Lord Burghley was the most powerful man in England during Elizabeth I’s forty-four-year reign.
It is difficult to imagine the most powerful nobleman in the queen’s court quietly allowing himself to be lampooned on the public stage. It is equally doubtful that Queen Elizabeth would have tolerated Hamlet, given her close association with Burghley. She tended him on his deathbed and went into deep mourning when he died in 1598.
Remember 1598?
That was the year Francis Meres published his list of Shakespeare’s plays. It would have been prudent to omit a work that mocked Burghley and, by extension, the queen herself.
Nor would it be surprising if Elizabeth recoiled at being mirrored in Queen Gertrude.
At the start of Hamlet, Gertrude has recently married her husband’s poisoner, Claudius. Elizabeth’s longtime favorite, Robert Dudley, Earl of Leicester, had a reputation as a poisoner, and some scholars see Claudius as reflecting him. Claudius swiftly marries Hamlet’s mother and takes the throne, passing over the queen’s son.
Hamlet repeatedly accuses Gertrude—his mother—of incest for marrying his uncle. The subject had to be a sensitive one for Elizabeth, whose mother, Anne Boleyn, was executed on charges of incest and adultery. Elizabeth herself, as a teenager, was entangled in a sexual scandal involving her stepfather.
How, then, could Shakespeare have written and staged Hamlet? The short answer is: perhaps he did—but not for long.
Muzzling the Dogs
Freedom of expression in Elizabethan England was tightly controlled. The Crown licensed all printed material and could ban theatrical performances at will.
It did just that with The Isle of Dogs, a play by Thomas Nashe and Ben Jonson. Though the text has not survived, contemporary accounts describe it as “lewd” and “scandalous,” and it may have satirized the queen. The Privy Council moved swiftly to shut it down.
It is not hard to imagine Hamlet—if perceived as mocking Elizabeth, Burghley, and Leicester—meeting a similar fate.
This possibility could explain the play’s sparse early record and its absence from Meres’s list. It may have resurfaced quietly in 1594 after suppression in the late 1580s. Ultimately, however, the Crown could not keep Hamlet underground.
The Queen Is Dead, Long Live Hamlet
Hamlet appeared in print only after Elizabeth’s death. The title page of the 1603 quarto states that the play had been “diverse times acted by his Highness servants in the City of London,” referring to the company under the new king, James I.
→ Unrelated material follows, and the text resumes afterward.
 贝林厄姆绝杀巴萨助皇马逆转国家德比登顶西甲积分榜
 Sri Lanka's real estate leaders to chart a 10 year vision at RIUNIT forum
By then, Elizabeth, Burghley, and Leicester were no longer alive to object.
Burghley’s son, Robert Cecil, however, remained in power as James’s secretary. Even if he could not keep the play suppressed, the name Corambis was changed to Polonius in the 1604 version and all subsequent editions.
The idea that Hamlet was suppressed during Elizabeth’s reign remains a theory. Yet it offers a coherent explanation for the scarcity of early records and the play’s omission from Meres’s list—arguably as persuasive as competing theories involving an “Ur-Hamlet” or lost performance history.